==== GIVEN DATA
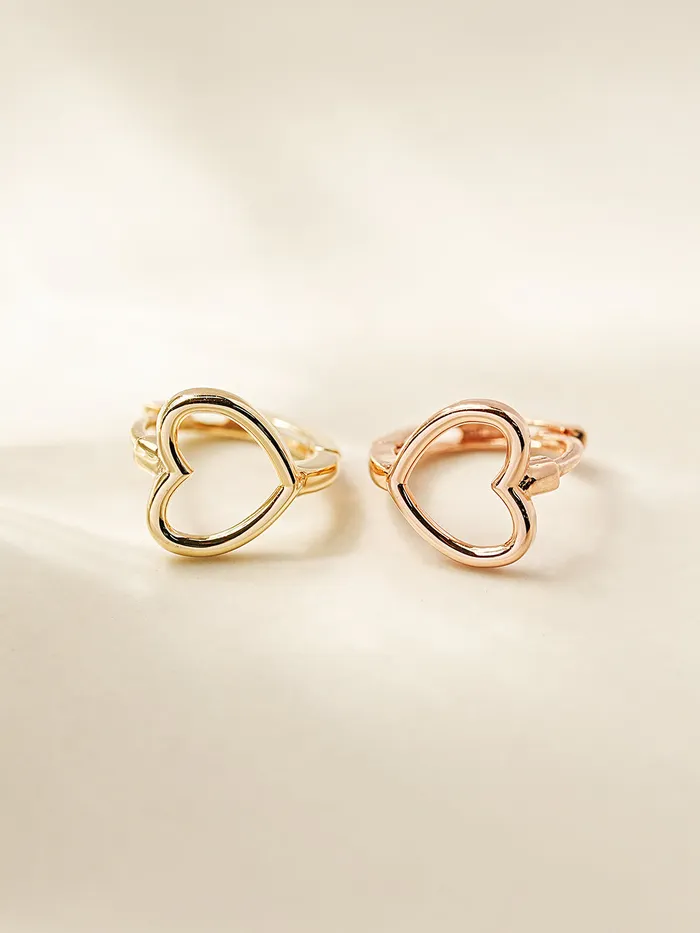 Earrings 14K 18K Simple Heart Line Cartilage Hoop Earring MinimalBijoux
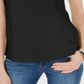 Camiseta feminina de algodão com recorte Charter Club, preta, tamanho médio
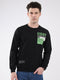 Men Black Printed Round Neck Full Sleeve Sweatshirt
========
TASK DIRECTIONS – Everything in the listing should be repeated exactly except the pictures.

COMPLETED TASK –
 Earrings 14K 18K Simple Heart Line Cartilage Hoop Earring MinimalBijoux
 Camiseta feminina de algodão com recorte Charter Club, preta, tamanho médio
 Men Black Printed Round Neck Full Sleeve Sweatshirt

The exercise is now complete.